On top of this, I’ve come up with a workflow to automatically generate a usable batch of rules, on a daily basis, from a spam and ham corpus. This works as follows:

  • Take a sample of the past 4 days traffic from our spamtrap network. Today this was about 3000 messages.

  • add the hand-vetted spam from my own accounts over the same period (this helps reduce bias, since spamtraps tend to collect a certain type of spam), about 3400 messages.

  • discard spams that scored over 10 points (to concentrate on the stuff we’re missing).

  • Pass the remaining 3517 spams, and text strings from over 50000 nonspam messages, into the “seek-phrases-in-log” script, specifying a minimum pattern length of 30 characters, and a minimum hitrate of 1% (in today’s corpus, a rule would have to hit at least 34 messages to qualify).

  • That script gronks for a couple of minutes, then produces an output rules file, in this case containing 28 rules, for human vetting. (Since I’ve started this workflow, I’ve only had to remove a couple of rules at this step, and not for false positives; instead, they were leaking spamtrap addresses.)

  • Once I’ve vetted it, I check it into rulesrc/sandbox/jm/20_sought.cf for testing by the SpamAssassin rule QA system.

The QA results for the ruleset from yesterday (Aug 3) can be seen here, and give a pretty good idea of how these rules have been performing over the past week or two; out of the nearly 70000 messages hit by the rules, only 2 ham mails are hit — 0.0009%.

In fact, I measured the ruleset’s overall performance in the logs provided by the 4 mass-check contributors who provided up-to-date data in yesterday’s nightly mass-check; bb-jm, jm, daf, dos, and theo (all SpamAssassin committers):

Contributor Hits Spams Percent
bb-jm 4249 24996 17.00%
jm 3450 14994 23.00%
daf 1236 35563 3.48%
dos 32867 100223 32.79%
theo 28077 382562 7.34%

(bb-jm and jm are both me; they scan different subsets of my mail.)
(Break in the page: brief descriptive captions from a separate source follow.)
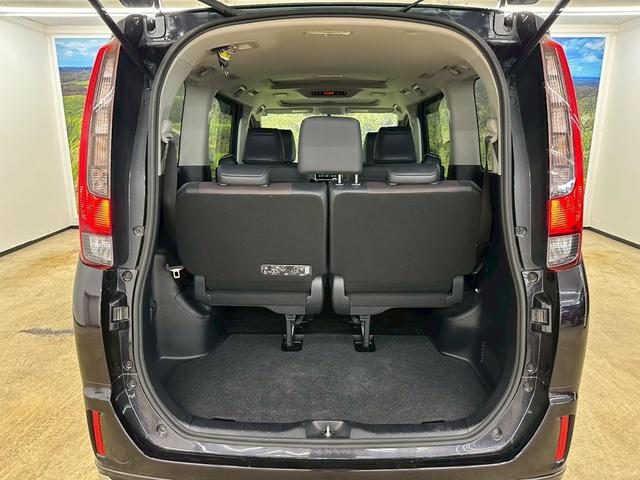 エスクァイア Gi ツインムーンルーフ・純正メーカーナビ・フルセグ・DVD・BT対応・寒冷地仕様・リアオートエアコン・両側パワースライドドア・LEDヘッドライト・ブラウン合皮シート・シートヒーター・ステアリングスイッチ(37枚目)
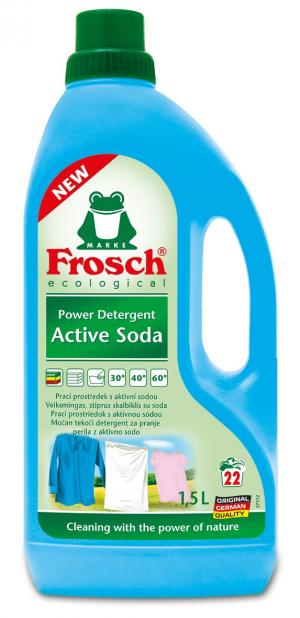 Detergente con soda attiva (ECO, 1500ml)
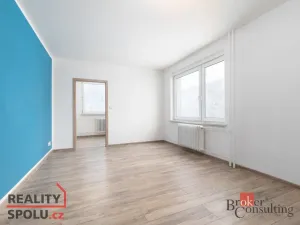 Prodej bytu 3+1, Orlová - Lutyně, Masarykova třída, 54 m2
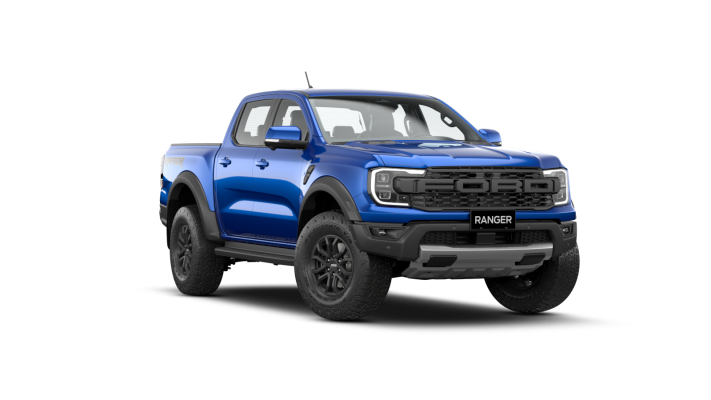 Ford Ranger Raptor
The “Percent” column measures the percentage of their spam collection that is hit by at least one of these rules; it works out to an average of 16.72% across all contributors. This is underestimating the true hitrate on “fresh” spam, too, since the mass-check corpora also include some really old spam collections (daf’s collection, for example, looks like it hasn’t been updated since the start of July).

Even better, a look at the score-map for these rules shows that they are, indeed, hitting the low-scoring spam that other rules don’t hit.

That’s pretty good going for an entirely-automated ruleset!

The next step is to come up with scores, and publish these for end-user use. I haven’t figured out how this’ll work yet; possibly we could even put them into the default “sa-update” channel, although the automated nature of these rules may mean this isn’t a goer.

If you’re interested, the hits-over-time graph for one of the rules (body JM_SEEK_ICZPZW / Home Networking For Dummies 3rd Edition \$10 /) can be viewed here.